Do not copy the pictures. Write out the lines from the start of the entries through the line containing "1:144 ズベズダ 7010 - ボーイング 747-8 民間旅客機。プラスチック".

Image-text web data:
=== Section Start ===
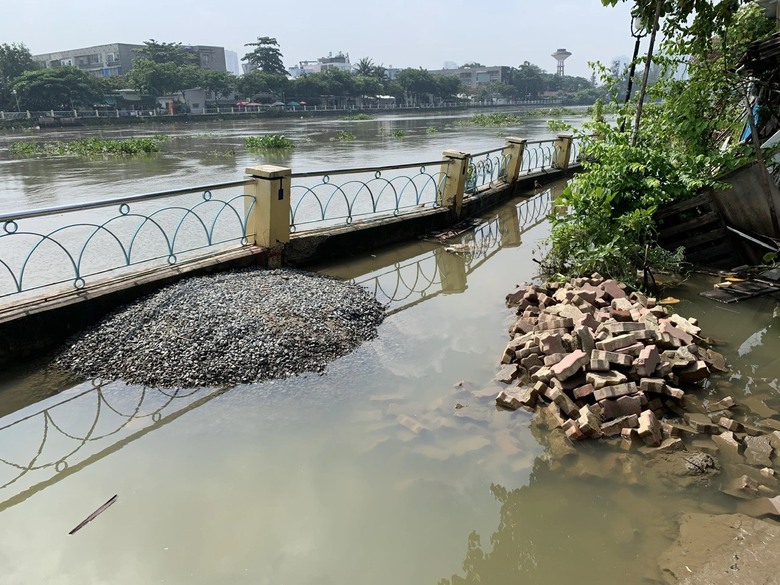 Chấm dứt hợp đồng nh&agrave; thầu thi c&ocirc;ng &igrave; ạch dự &aacute;n sạt lở b&aacute;n đảo Thanh Đa- Ảnh 1.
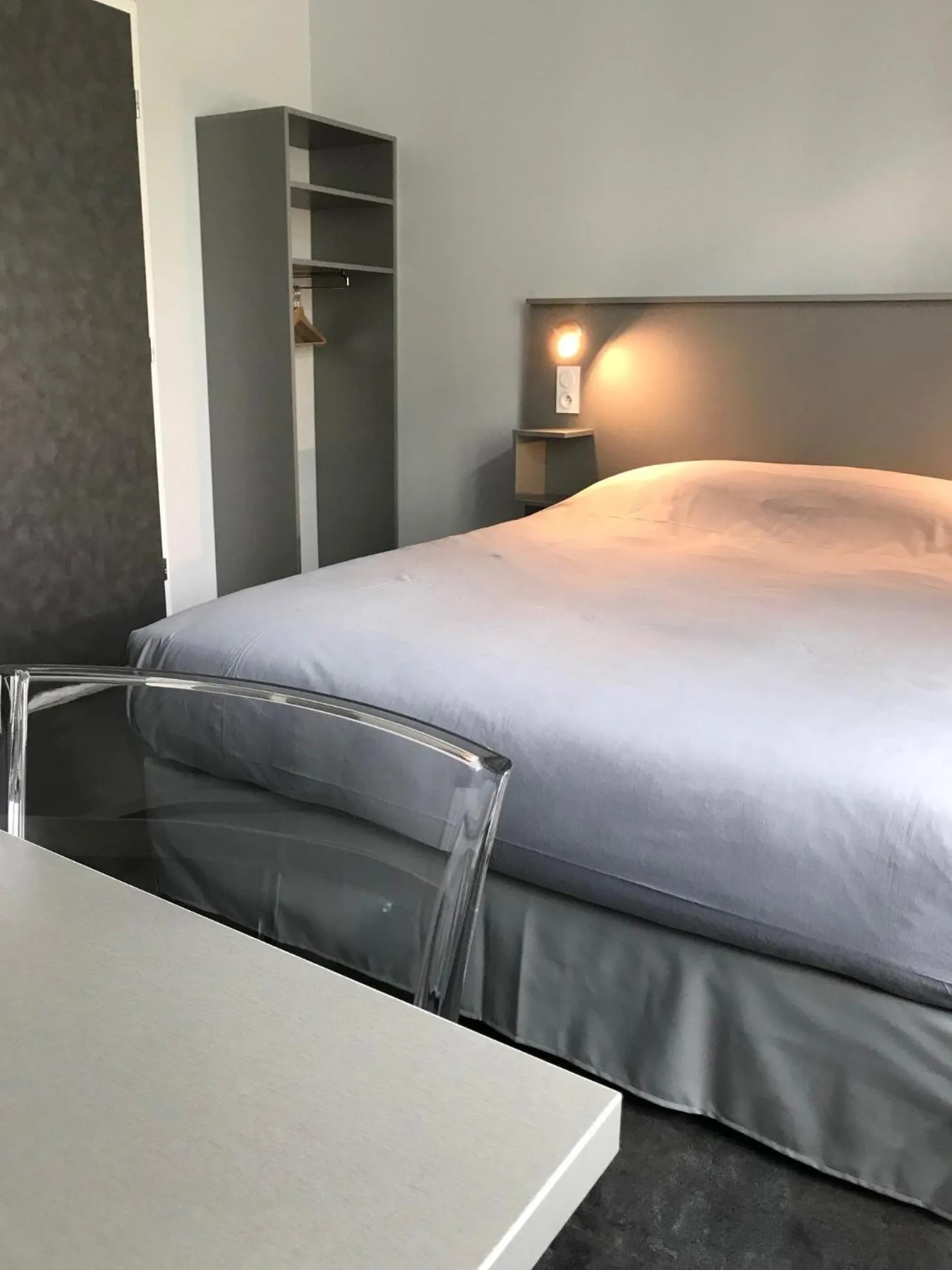 Photo of the whole room, Bed in SmartAppart Saint Nazaire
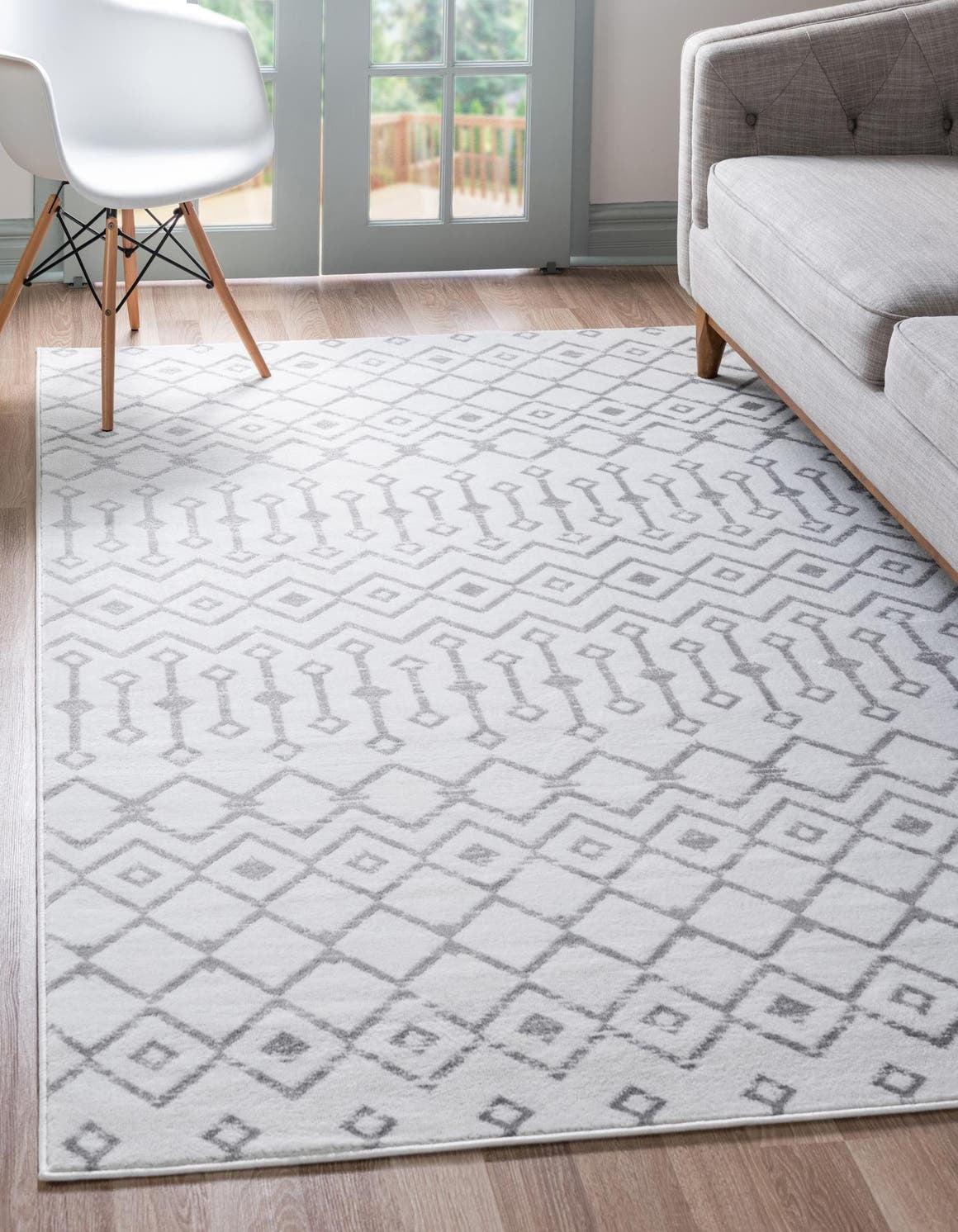 Ivory Trellis Rectangular Easy-Care Synthetic Rug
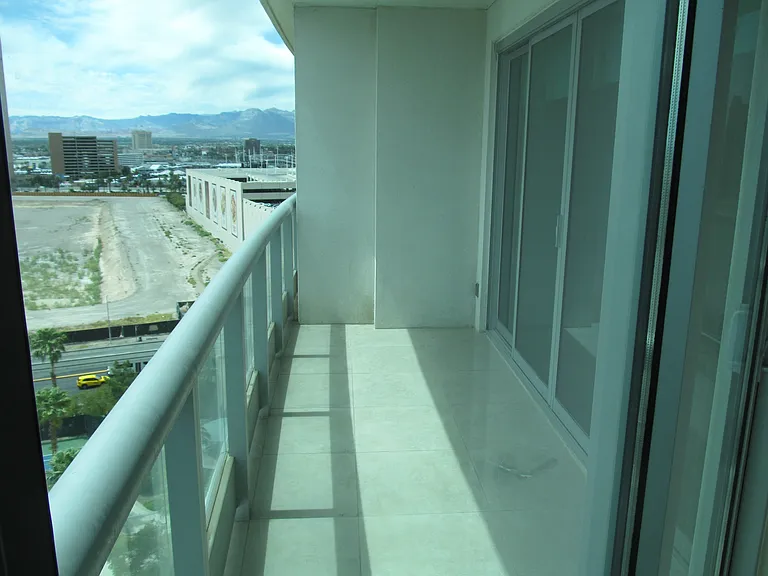 222 Karen Ave #1105 — Photo 25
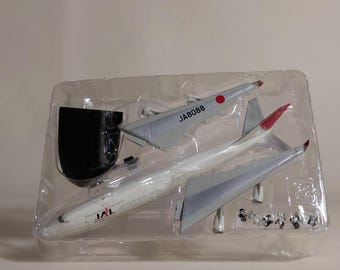 1:144 ズベズダ 7010 - ボーイング 747-8 民間旅客機。プラスチック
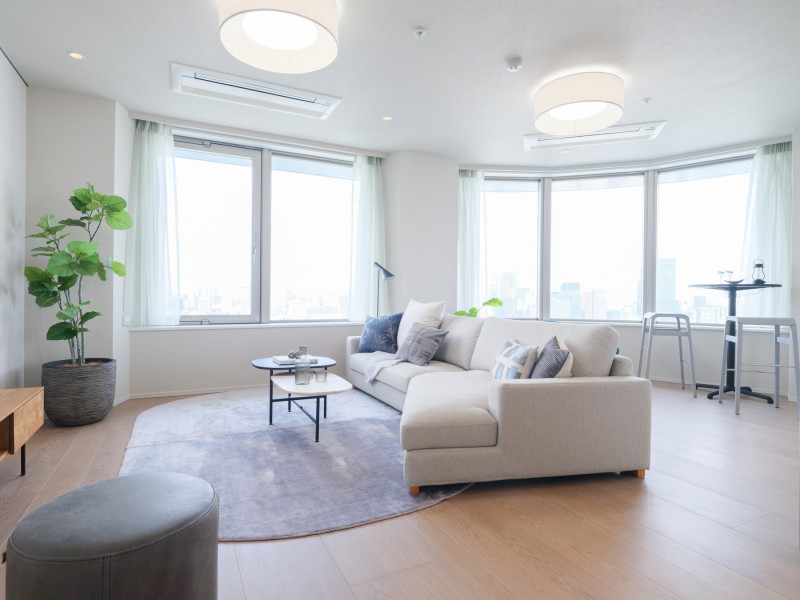 約31.7帖の広々LDKは、穏やかな時間が流れる開放的な空間です。大型家具を置いてもゆったりとお使いいただけるため、自然とご家族が集まるスペースになりそうです。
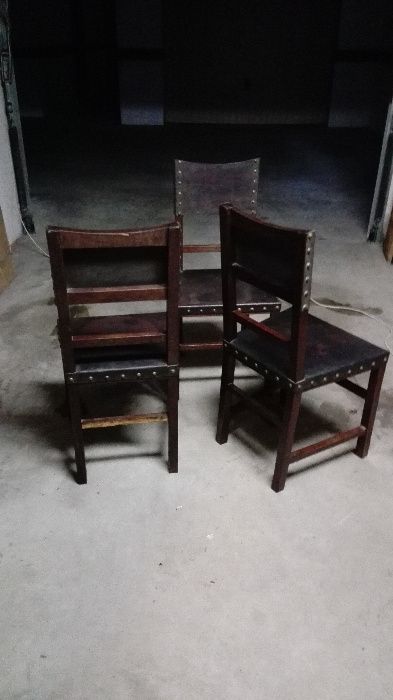 Cadeiras, antiquíssimas, em madeira com cabedal no assento e costas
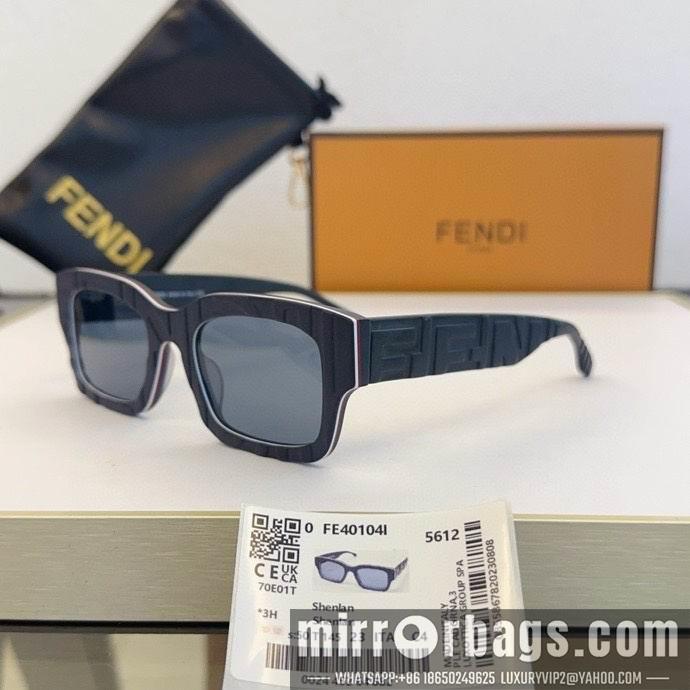 Fendi Glasses smx170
=== Section End ===
ANSWER SECTION
 Chấm dứt hợp đồng nh&agrave; thầu thi c&ocirc;ng &igrave; ạch dự &aacute;n sạt lở b&aacute;n đảo Thanh Đa- Ảnh 1.
 Photo of the whole room, Bed in SmartAppart Saint Nazaire
 Ivory Trellis Rectangular Easy-Care Synthetic Rug
 222 Karen Ave #1105 — Photo 25
 1:144 ズベズダ 7010 - ボーイング 747-8 民間旅客機。プラスチック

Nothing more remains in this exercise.